- **ACTION ITEM**: The records that follow are to be repeated exactly, with no pictures carried over.

(Source data)
--------------------------------
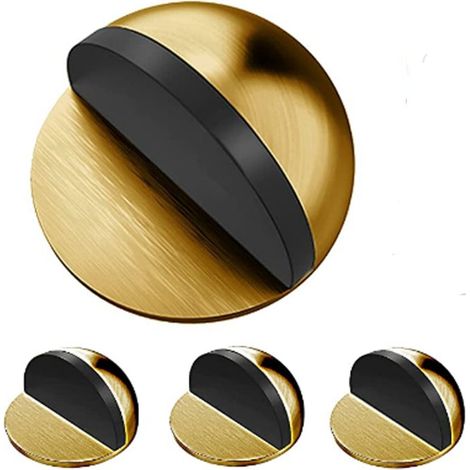 Türstopper – Goldfarbener Edelstahl – 45 X 24 Mm – Für Fußböden Und Parkett – Verzinkt Und Rostfrei – 4er-pack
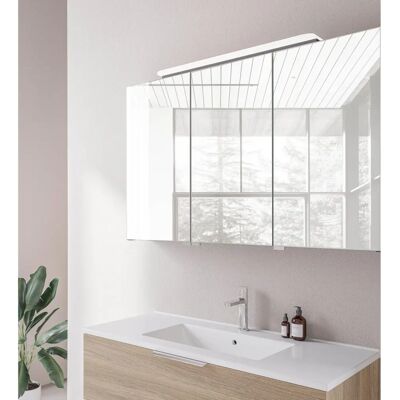Armoire suspendue avec miroir Bernstein Neo - Éclairage LED et prise - 3 portes - Publicité Armoire suspendue avec miroir Bernstein Neo - Éclairage LED et prise - 3 portes - Publicité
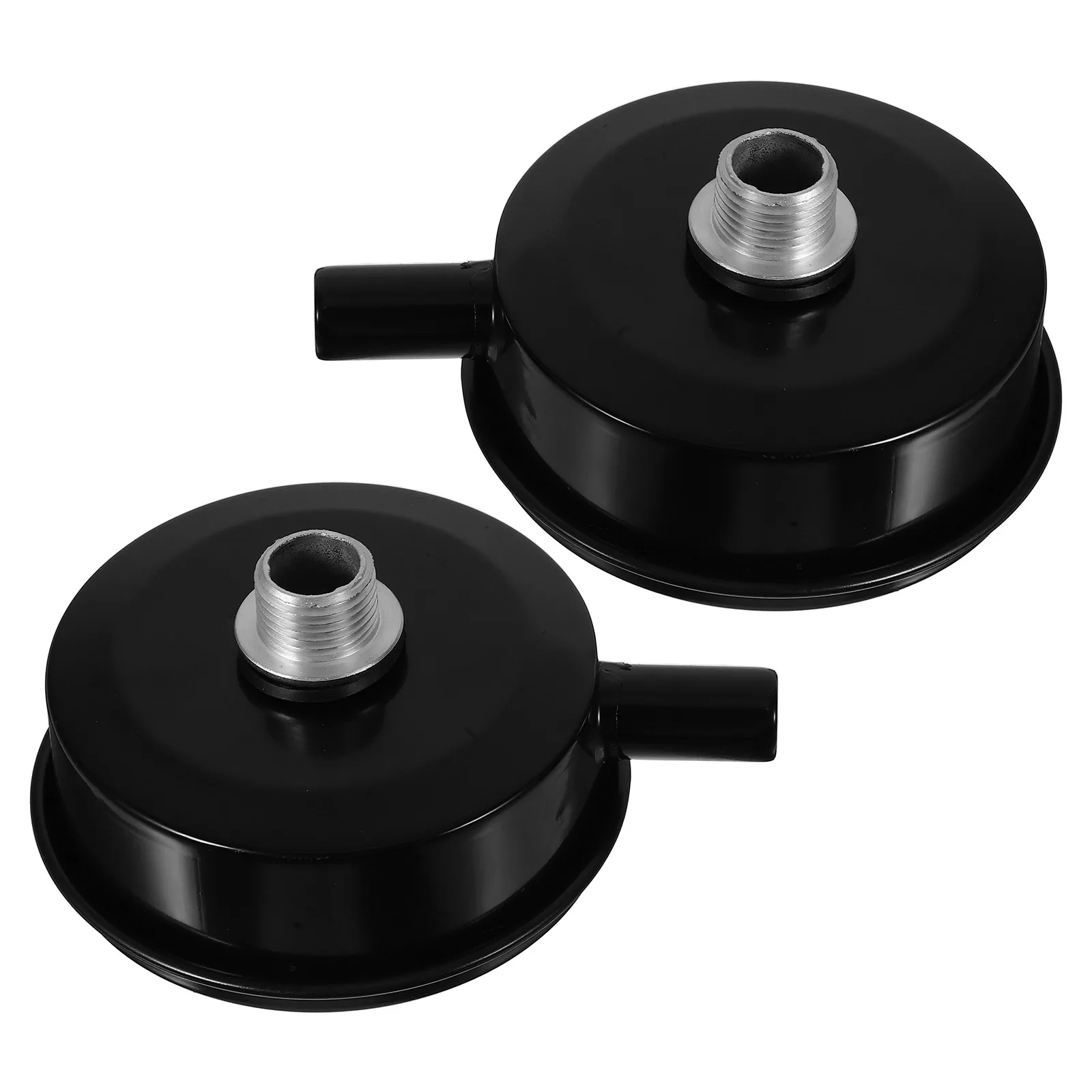 

2pcs Compressor Muffler 2Cm Thread Intake Filter Noise Reduction Efficient Filtration Stable Airflow Quick Installation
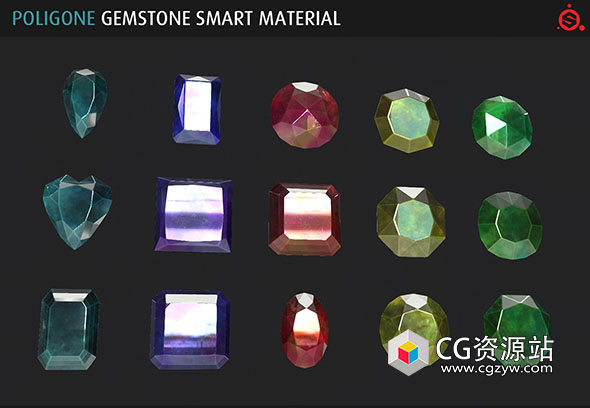 Substance Painter宝石PBR材质预设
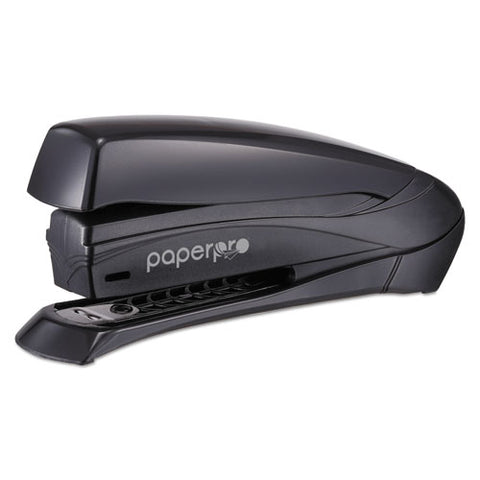 Inspire Spring-powered Full-strip Stapler, 20-sheet Capacity, Black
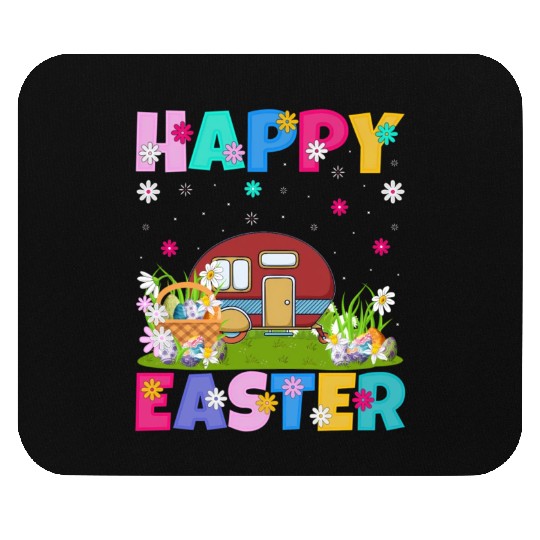 Camper Van Happy Easter Camper Van Easter Sunday Mouse Pads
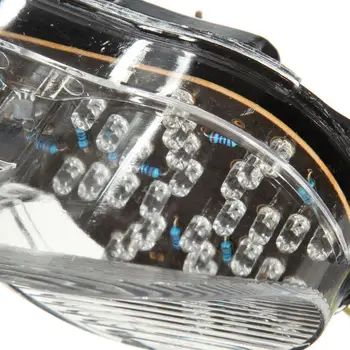 Obiectiv clar Integrat Frana LED Coada de Lumină semnalizatoare Far Pentru Yamaha YZF R6 YZFR6 YZF-R6 2001 2002 01 02 Motocicleta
--------------------------------
- **RESULT FOR THIS EXERCISE**:
 Türstopper – Goldfarbener Edelstahl – 45 X 24 Mm – Für Fußböden Und Parkett – Verzinkt Und Rostfrei – 4er-pack
Armoire suspendue avec miroir Bernstein Neo - Éclairage LED et prise - 3 portes - Publicité Armoire suspendue avec miroir Bernstein Neo - Éclairage LED et prise - 3 portes - Publicité

2pcs Compressor Muffler 2Cm Thread Intake Filter Noise Reduction Efficient Filtration Stable Airflow Quick Installation
 Substance Painter宝石PBR材质预设
 Inspire Spring-powered Full-strip Stapler, 20-sheet Capacity, Black
 Camper Van Happy Easter Camper Van Easter Sunday Mouse Pads
 Obiectiv clar Integrat Frana LED Coada de Lumină semnalizatoare Far Pentru Yamaha YZF R6 YZFR6 YZF-R6 2001 2002 01 02 Motocicleta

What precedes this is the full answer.